What are aggregator and leaf nodes?

SingleStore DB stores and computes data on leaf nodes. You can linearly scale both storage and computational power by adding more leaf nodes. Clients query an aggregator node, which in turn queries one or more leaf nodes to collect the rows required to execute the query. Multiple aggregators nodes perform the same functions with respect to executing Data Manipulation Language (DML) queries and allow clients to load-balance queries across the aggregators. Leaf nodes should not be queried directly except for maintenance purposes in exceptional situations.

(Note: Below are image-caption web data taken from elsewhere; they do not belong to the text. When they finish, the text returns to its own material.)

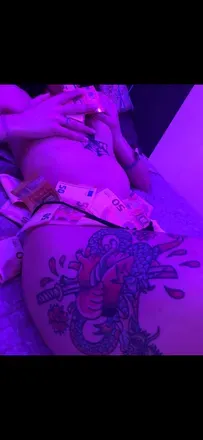 OnlyFans cuenta hanasumirefree header 2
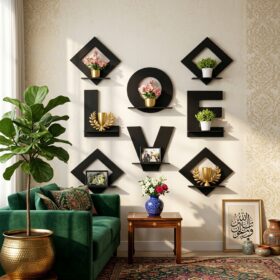 love-square-combo-wall-hanging-2-lsqwh-set-01-floating-wall-enriched-0-original-imahkzx4qbj5hpyf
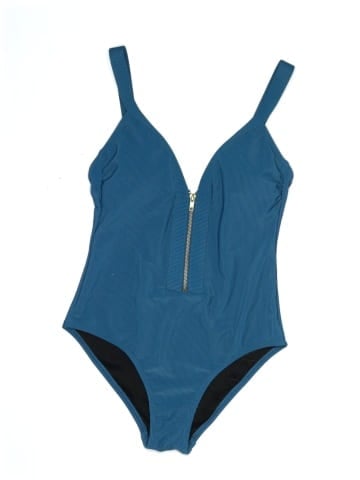 Kona Sol One Piece Swimsuit (view 1)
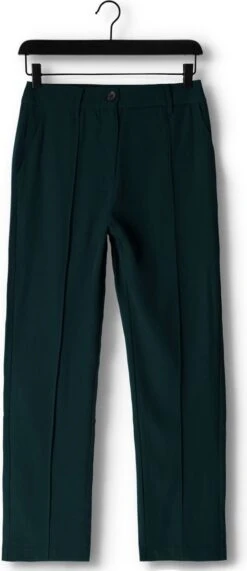 Ydence Pants Morgan Broeken & Jumpsuits - Petrol -ONLY Winkel 519x1200 2
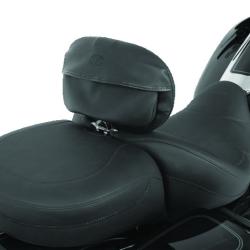 Mustang Motorcycle 77621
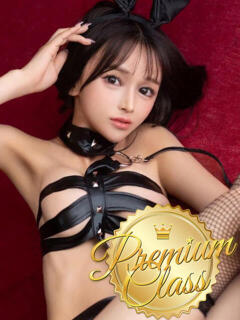 あやの ムーランルージュ（吉原/ソープ）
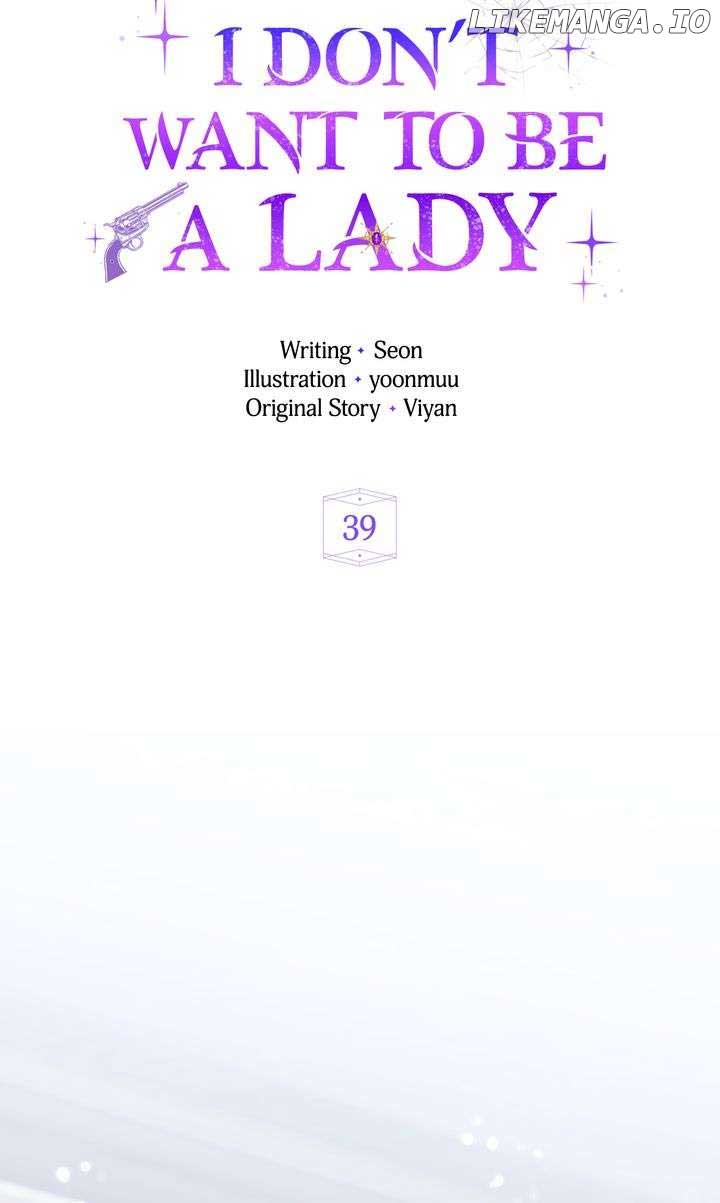 ch 39 56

What is a “master aggregator”?

The Master Aggregator is an aggregator responsible for executing DDL and clustering operations (e.g. ADD LEAF ... or CREATE TABLE...).

What happens if the master aggregator crashes?

If the Master Aggregator becomes unresponsive, clients can continue to execute DML queries (e.g. INSERT and SELECT) against the other aggregators, but DDL and clustering operations can not be performed until the master aggregator is revived or another aggregator is “promoted” to be the master aggregator.

How do I add nodes to SingleStore DB?

Using the new SingleStore management tools, you can add new nodes and assign them roles in your cluster. To see how to do that in a deployment, visit our SingleStore Tools reference.

From within MemSQL Ops, select the “Add Host” button in the top right to register a physical or virtual machine with MemSQL Ops. Then, provision it as an aggregator or leaf by selecting the adjacent button “Add Node”. To increase the capacity of the cluster, provision new leaf nodes. To increase the data loading bandwidth or load balancing bandwidth to the cluster, provision new aggregator nodes.

How many aggregator and leaf nodes do I need?

SingleStore DB stores data in leaf nodes, so you need enough leaf nodes to store all your data in memory. If you are replicating data (redundancy level 2), you need twice as many leaf nodes.

The recommended number of aggregators depends on your use case. If, for instance, your cluster is being used for more than one type of workload (for example, it is the backend for a web application and also being queried by analysts), it is probably best to have multiple aggregators, or pools of aggregators, for these separate workloads. Aside from distribution of workload, the most significant factor to consider is network bandwidth. As a rule of thumb, clusters with 50 nodes or fewer should have about a 5:1 leaf to aggregator ratio. Clusters with more than 50 nodes can have closer to a 10:1 leaf to aggregator ratio. Note that you can also add nodes to a cluster to tune performance after it is up and running.

The appropriate ratio of aggregators to leaves also depends on the type of workload running. Transactional workloads that run many small queries or queries that involve only a single partition require more aggregators, since those queries interact with one aggregator and one leaf. Analytical workloads,especially those involving distributed joins, require fewer aggregators because almost all the work is performed on the leaves.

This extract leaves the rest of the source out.